(Exercise objective): Please restate word for word the lines of the entries below from the one with "Suport articole birou" to the one with "Charger l'image dans", inclusive, and leave out every picture.

(Data provided):

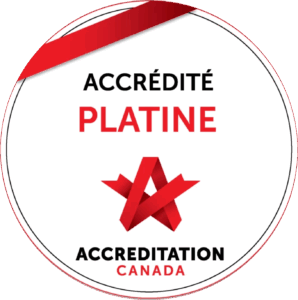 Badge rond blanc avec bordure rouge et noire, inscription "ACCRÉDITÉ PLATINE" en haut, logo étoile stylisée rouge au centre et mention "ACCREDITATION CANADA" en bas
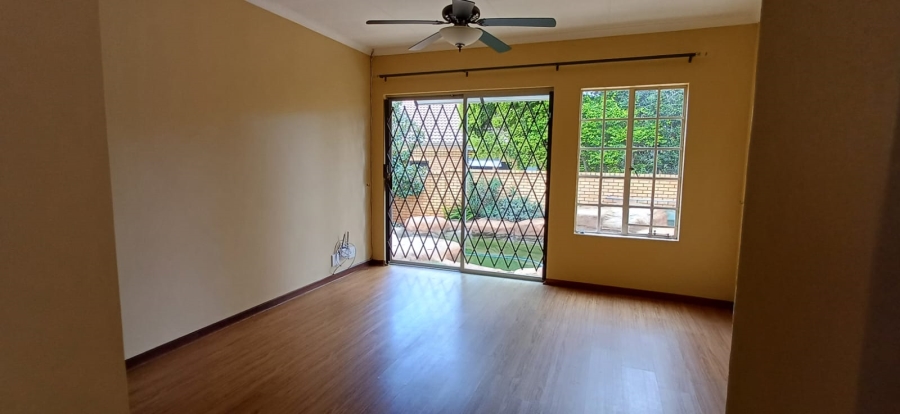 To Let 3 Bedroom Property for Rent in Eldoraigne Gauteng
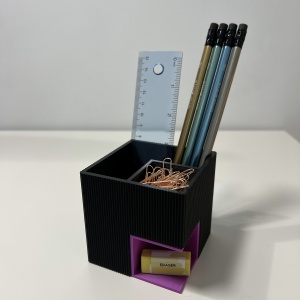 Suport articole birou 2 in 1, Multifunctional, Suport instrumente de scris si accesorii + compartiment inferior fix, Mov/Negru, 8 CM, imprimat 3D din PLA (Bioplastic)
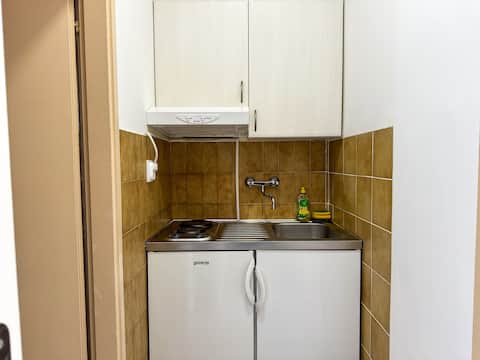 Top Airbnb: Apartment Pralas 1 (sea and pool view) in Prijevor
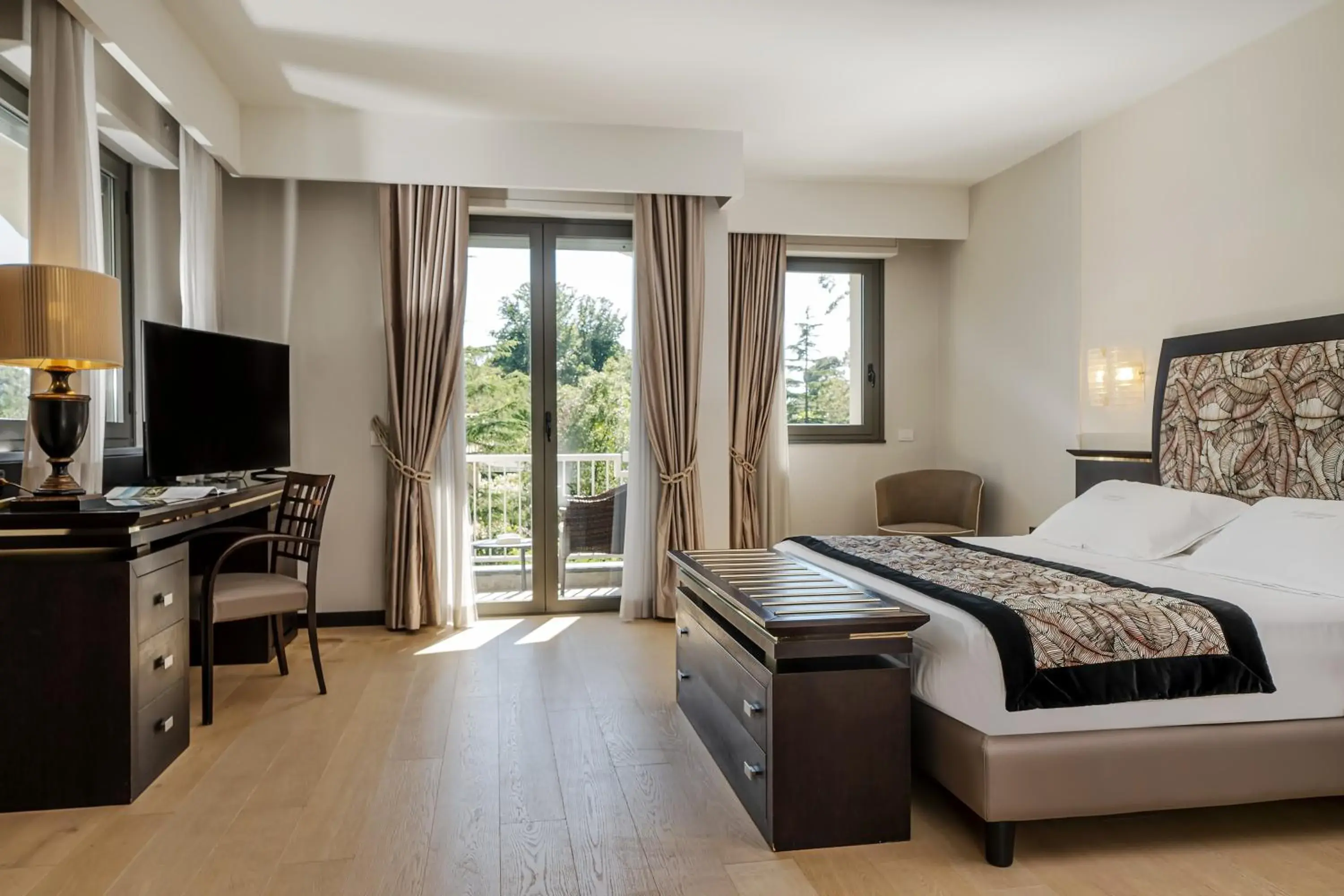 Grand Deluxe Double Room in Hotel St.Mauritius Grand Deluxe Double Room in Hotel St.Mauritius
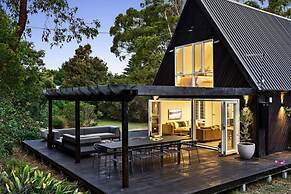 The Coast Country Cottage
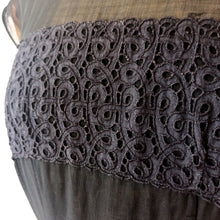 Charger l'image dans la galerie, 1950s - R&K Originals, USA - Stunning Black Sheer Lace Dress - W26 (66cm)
---
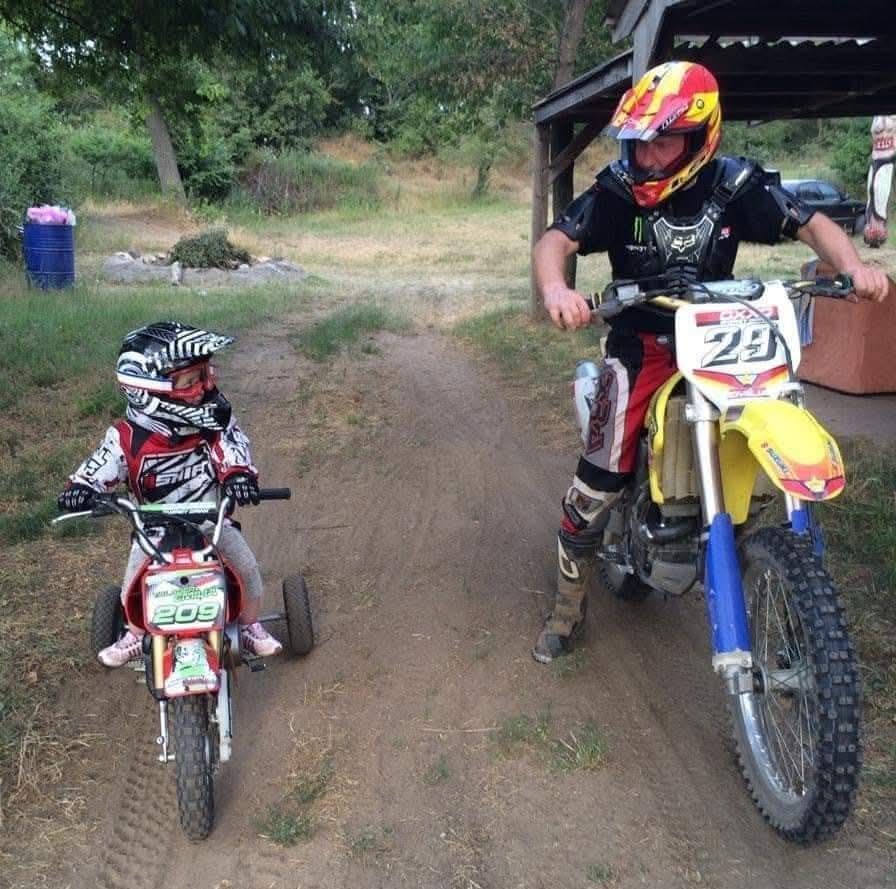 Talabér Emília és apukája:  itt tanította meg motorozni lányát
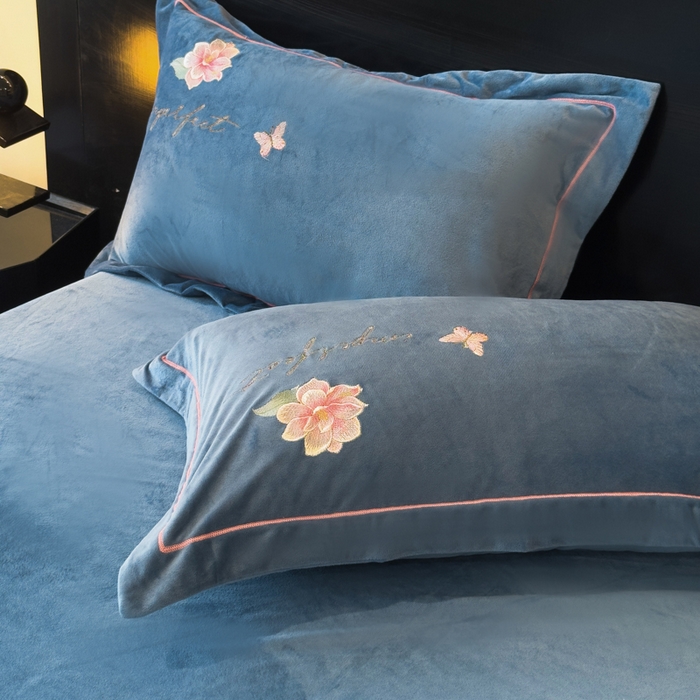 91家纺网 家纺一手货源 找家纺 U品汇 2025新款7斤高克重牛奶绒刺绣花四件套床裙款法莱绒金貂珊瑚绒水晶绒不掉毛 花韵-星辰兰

(Expected answer):
 Suport articole birou 2 in 1, Multifunctional, Suport instrumente de scris si accesorii + compartiment inferior fix, Mov/Negru, 8 CM, imprimat 3D din PLA (Bioplastic)
 Top Airbnb: Apartment Pralas 1 (sea and pool view) in Prijevor
 Grand Deluxe Double Room in Hotel St.Mauritius Grand Deluxe Double Room in Hotel St.Mauritius
 The Coast Country Cottage
 Charger l'image dans la galerie, 1950s - R&K Originals, USA - Stunning Black Sheer Lace Dress - W26 (66cm)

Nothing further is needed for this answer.